Scope: A multidisciplinary research programme in volcanology includes the study of the origin of magma, storage, chemical evolution and transport within the crust, as well as studies of volcano structures, volcano deformation and volcano behaviour, volcanic hazards, volcanic eruptions and their environmental impacts.
The Iceland laboratory: Being the largest subaerial part of the mid-ocean rift system, Iceland provides a unique setting for research in volcanology. Extensive volcanism within the Iceland region is reflected in structurally more complicated plate boundary and more variability in the type of volcanism than along the oceanic ridge system. Moreover, volcanic eruptions in Iceland occur under diverse environmental conditions, being subaerial, subaqueous and subglacial. Modern-day monitoring and surveying techniques draw on experience gained during repeated seismic and volcanic crises during the last four decades. These events have greatly advanced our understanding of how volcanoes work and how to prepare for future hazards, such as lava flows, pyroclastic flows, lahars, jökulhlaups and airborne volcanic gases.

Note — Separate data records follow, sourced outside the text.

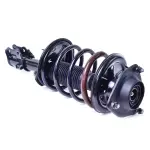 MSS050005 - : Mando Suspension Strut and Coil Spring Assembly for Mando Image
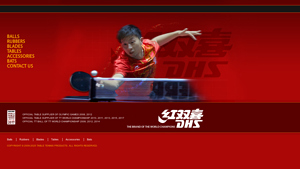 DHS Table Tennis Equipment - table tennis supplier china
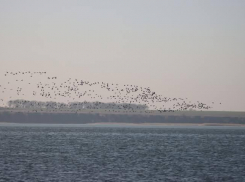 Постоянные взрывы могут спровоцировать землетрясения в Одесской и Николаевской областях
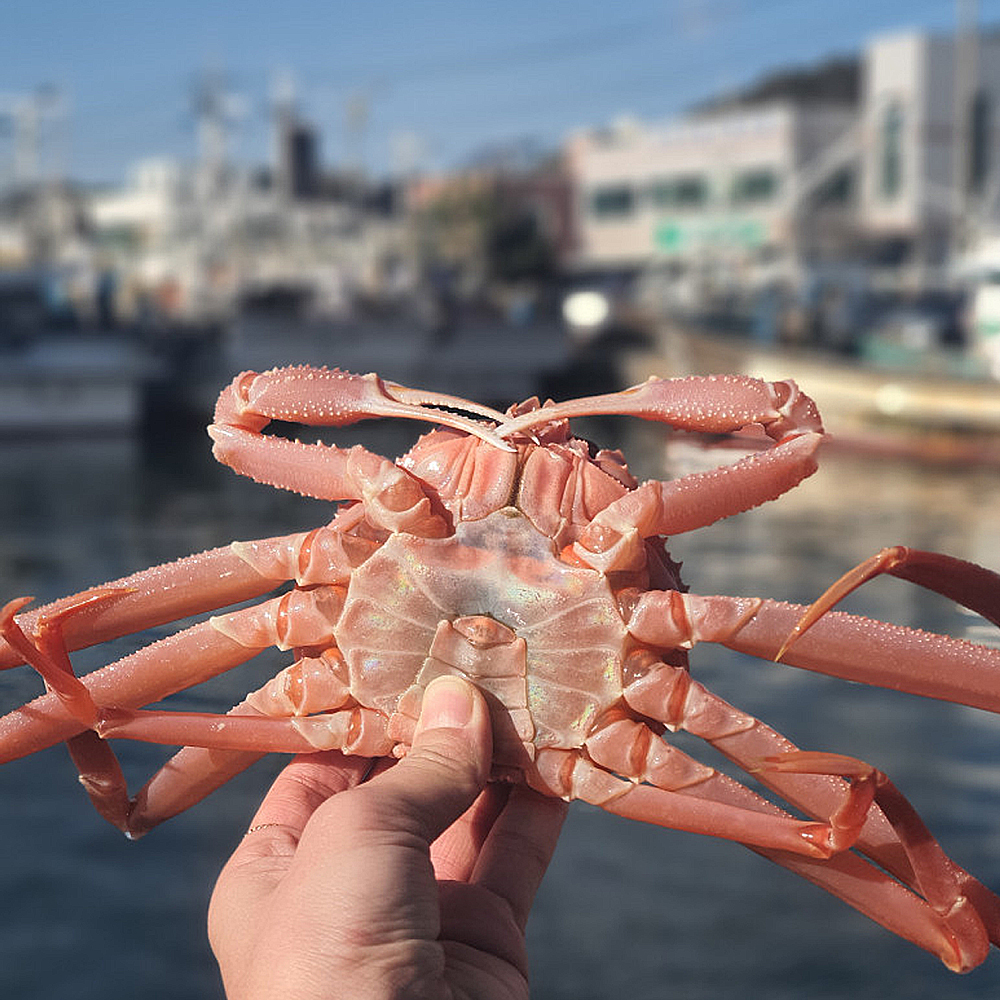 북해도 홋카이도 자숙대게 3.5kg 12~15미 수율보장 긴급출시 - 상세 이미지 5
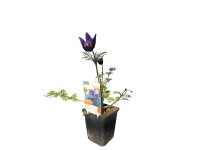 OBI Koniklec německý 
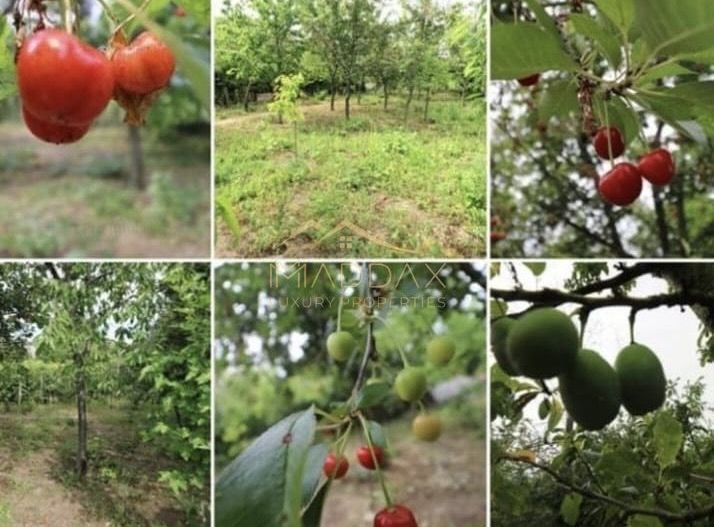 Vila 9 camere***gradina cu pomi fructiferi//1085 mp teren***Dragomiresti-Deal - Poză 5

Past achievements: Important contributions to volcanology by Icelandic researchers include the pioneering tephrochronology, studies of magma-water interaction during the Surtsey and Heimaey eruptions, monitoring of rifting episodes and volcano-ice interaction, Krafla, Katla, Hekla, Bárðarbunga, Gjálp, Grímsvötn. Igneous geochemistry has revealed details of magma formation and evolution whereas knowledge of the internal structure of volcanoes has been improved by surface studies of lava sequences and eroded Tertiary volcanic systems. Recent bathymetric mapping has provided a new perspective of the plate boundary offshore. Seismological and geodetic techniques have greatly enhanced our understanding of crustal structure and dynamics of volcanic systems. Hydro-geochemistry has been used to study magma-hydrosphere interaction. Pre-eruptive processes have been monitored, and warnings have been issued prior to a number of recent eruptions. Studies of environmental effects of eruptions have demonstrated the significance of monitoring pollution from volcanic aerosols and eruptive columns.